The November, 2005, Cessna Pilots Association newsletter reports that John received The Wright Brothers “Master Pilot” award by the FAA. It was given in recognition for his 65 years as a pilot and in appreciation for his service, technical expertise, professionalism, and outstanding contributions that have furthered the cause of aviation safety. The prestigious award was presented at an Air Safety Foundation seminar on September 20, 2005.

I had the opportunity to visit John’s radio shack and to view his original logbook that clearly shows his first QSO of March 6, 1934. He currently uses an Icom 2at handheld VHF radio when traveling around the area. At his stately home in the Atherton area, John has a Heathkit model HX-10 Marauder transceiver with a coiled tuner on the wall with a ladder line feeder. I also noted a 1957 ARRL radio amateur’s handbook on the desk. John maintains his membership in both the ARRL and the QCWA.

All four of John’s children have Baltimore as their birthplace. The oldest, John M. Carter, Jr., came into the world in 1943. He graduated from Cal Poly in San Luis Obispo, California, with a degree in Aeronautical Engineering. He served as a navigator in the F4 phantoms in Vietnam, where he earned a Distinguished Flying Cross from the Navy. He currently flies for NetJets out of Columbus, Ohio. John’s daughter, Helen Jennings, born in 1946, also graduated from Cal Poly, where she won the Poly Royal Queen award. She has enjoyed a career as a schoolteacher and a math leader.

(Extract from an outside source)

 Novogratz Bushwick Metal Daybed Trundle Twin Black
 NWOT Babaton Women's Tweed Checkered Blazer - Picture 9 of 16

 In 1949, Hugh was born. He graduated from San Jose State University with a degree in business. He lives in Newark, California. It was a proud day for John, as CEO, when Hugh succeeded John as the President of Carco, but Hugh moved on to become a project manager for HSQ Technology, Inc. in Hayward, California, where he is still employed.

The youngest child was born in 1950. Tom became a tennis champion at the University of Idaho, where he earned the Bachelor of Arts degree in Psychology. In graduate schools, he earned masters and doctoral degrees. He now serves as a Baptist pastor in Dinuba, California.

John has ten grandchildren, two great-grandchildren, and a very supportive and understanding wife, who is the love of his life.